How small could you get the first iteration of the bootstrappageness? Are you worried about possible Trojans in compilers that you're trusting?
Login to reply
Replies (2)
it's an interpreter, and i could probably read the whole codebase within a couple of hours. it's not something i take very seriously - trojan in a programming language, and definitely not if i can read the source. such things would have clear red flags, like non-commented, strange hexadecimal constants that look like they could be binary code. those don't even belong in a compiler, there is no purpose for this. for elliptic curve functions, those are always well documented elements of the arithmetic group, and all the endomorphisms and symmetries and all that.
yes, bootstrapping can be very simple. the core C syntax is an example of a language that is already so small that it's simple to build into itself. but C has some terrible elements in it, like unclear bit lengths that are often platform dependant (this was the hardest part when i ported a hamming code error correction algorithm from C into Go some time back), the union type is an abomination, the pointer dereference operator versus the dot operator for struct fields is confusing. all of these complexities lead to slow compilation, and harder validation of the correctness of the translation into machine (or other) language.

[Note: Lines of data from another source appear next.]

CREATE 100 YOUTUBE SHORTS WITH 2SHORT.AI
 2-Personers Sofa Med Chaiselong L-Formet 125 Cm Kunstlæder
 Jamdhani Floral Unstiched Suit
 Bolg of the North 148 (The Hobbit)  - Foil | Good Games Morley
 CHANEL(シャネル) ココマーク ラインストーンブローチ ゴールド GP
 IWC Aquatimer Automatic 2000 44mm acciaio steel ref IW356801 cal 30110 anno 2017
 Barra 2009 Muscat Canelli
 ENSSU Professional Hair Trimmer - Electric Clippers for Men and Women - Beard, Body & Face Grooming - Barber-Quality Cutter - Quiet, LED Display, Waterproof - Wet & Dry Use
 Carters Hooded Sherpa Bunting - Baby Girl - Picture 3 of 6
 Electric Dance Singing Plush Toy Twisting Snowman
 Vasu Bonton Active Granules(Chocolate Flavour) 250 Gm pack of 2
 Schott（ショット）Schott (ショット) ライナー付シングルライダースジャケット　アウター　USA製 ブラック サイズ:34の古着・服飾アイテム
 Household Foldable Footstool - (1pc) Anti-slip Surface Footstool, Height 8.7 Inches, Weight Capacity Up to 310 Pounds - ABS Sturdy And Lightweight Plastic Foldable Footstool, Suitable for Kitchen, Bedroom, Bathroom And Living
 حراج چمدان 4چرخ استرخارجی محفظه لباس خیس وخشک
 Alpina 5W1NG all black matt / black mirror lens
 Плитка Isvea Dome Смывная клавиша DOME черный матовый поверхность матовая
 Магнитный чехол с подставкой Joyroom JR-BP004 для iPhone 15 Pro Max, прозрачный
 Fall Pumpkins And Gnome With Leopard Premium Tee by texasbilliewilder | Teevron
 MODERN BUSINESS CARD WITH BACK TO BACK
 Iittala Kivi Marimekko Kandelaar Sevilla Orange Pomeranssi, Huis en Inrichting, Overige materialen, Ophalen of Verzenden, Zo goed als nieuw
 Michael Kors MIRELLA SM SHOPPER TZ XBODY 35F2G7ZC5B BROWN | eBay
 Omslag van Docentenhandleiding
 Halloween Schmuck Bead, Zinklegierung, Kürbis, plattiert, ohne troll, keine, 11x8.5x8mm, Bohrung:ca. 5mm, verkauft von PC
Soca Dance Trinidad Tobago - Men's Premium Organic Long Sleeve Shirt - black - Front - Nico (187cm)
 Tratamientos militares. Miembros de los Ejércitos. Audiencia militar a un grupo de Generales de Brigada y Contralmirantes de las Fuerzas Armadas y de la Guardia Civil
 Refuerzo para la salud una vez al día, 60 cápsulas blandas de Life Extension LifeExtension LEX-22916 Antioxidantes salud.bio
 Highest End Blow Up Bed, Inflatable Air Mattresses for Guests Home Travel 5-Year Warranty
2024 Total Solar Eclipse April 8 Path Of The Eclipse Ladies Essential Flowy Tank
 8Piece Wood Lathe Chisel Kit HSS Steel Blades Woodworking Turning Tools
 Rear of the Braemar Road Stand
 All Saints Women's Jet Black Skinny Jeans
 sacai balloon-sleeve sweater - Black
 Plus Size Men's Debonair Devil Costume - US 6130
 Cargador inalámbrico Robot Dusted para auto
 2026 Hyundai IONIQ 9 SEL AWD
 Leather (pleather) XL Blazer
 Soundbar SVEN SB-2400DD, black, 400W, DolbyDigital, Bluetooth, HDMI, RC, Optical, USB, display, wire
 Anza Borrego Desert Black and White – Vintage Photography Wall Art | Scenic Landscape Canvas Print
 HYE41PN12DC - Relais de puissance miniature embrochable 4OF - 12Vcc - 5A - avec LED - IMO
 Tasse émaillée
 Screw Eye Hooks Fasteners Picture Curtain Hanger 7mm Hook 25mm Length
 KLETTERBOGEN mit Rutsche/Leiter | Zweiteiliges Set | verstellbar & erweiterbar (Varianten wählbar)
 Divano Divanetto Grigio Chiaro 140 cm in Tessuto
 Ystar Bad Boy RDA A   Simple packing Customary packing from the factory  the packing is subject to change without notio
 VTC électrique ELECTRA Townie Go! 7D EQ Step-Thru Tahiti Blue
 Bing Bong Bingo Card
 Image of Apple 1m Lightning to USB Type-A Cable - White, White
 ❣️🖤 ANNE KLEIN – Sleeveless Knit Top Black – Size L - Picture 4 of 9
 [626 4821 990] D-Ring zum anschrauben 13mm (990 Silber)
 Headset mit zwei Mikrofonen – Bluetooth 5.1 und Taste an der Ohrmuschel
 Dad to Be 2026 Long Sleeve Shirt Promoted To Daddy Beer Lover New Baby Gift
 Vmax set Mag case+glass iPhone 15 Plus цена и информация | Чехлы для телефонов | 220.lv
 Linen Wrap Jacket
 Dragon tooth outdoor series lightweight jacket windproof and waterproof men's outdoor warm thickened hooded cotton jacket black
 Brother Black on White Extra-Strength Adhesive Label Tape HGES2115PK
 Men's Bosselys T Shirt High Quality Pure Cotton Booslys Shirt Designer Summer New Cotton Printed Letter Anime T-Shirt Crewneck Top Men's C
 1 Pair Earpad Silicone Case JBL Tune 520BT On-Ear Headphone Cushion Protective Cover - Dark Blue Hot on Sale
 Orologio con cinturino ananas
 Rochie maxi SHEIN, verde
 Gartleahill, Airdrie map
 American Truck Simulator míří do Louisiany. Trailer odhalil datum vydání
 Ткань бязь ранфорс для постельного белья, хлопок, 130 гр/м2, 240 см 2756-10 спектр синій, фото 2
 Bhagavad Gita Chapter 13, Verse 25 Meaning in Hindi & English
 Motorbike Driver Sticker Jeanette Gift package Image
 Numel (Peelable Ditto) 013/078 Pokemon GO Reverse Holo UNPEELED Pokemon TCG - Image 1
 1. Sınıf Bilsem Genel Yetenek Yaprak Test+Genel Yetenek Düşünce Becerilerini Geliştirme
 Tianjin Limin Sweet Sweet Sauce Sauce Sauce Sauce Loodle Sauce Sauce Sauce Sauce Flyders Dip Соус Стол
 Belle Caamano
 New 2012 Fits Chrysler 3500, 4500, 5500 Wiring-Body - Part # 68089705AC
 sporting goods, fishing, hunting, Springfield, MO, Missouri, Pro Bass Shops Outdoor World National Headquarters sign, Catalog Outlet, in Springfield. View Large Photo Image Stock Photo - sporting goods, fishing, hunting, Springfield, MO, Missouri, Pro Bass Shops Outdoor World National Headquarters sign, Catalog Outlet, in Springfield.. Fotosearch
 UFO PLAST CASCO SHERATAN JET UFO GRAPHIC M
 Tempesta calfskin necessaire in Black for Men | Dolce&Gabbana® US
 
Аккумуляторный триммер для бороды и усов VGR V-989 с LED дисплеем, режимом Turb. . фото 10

things you can leave out of Go that are not needed for a compiler are pretty extensive. channels, mutexes, atomics, goroutines, interfaces, probably you can get away with no maps by using inverted indexes or implement a key/value index map purely with slices. you could leave out slices, too, but that would require a lot of fiddling with creating them as they are extremely handy for parsing streams of bytes. you could leave out strings, too, because they are immutable and weird (and that's one of the things i'm removing anyway), but of course you would still need a string literal, it just would map to a slice of bytes (ascii/utf-8).
Woosh! Sooooo many words I don't know. But it sounds like C can be small. Could you segment off different things and kinda make it modular, so that you add in a piece after you build it for additional capability? Those channels, mutexes, interfaces and maps? That way you could always return to the initial compiler and then redo the entire bootstrap.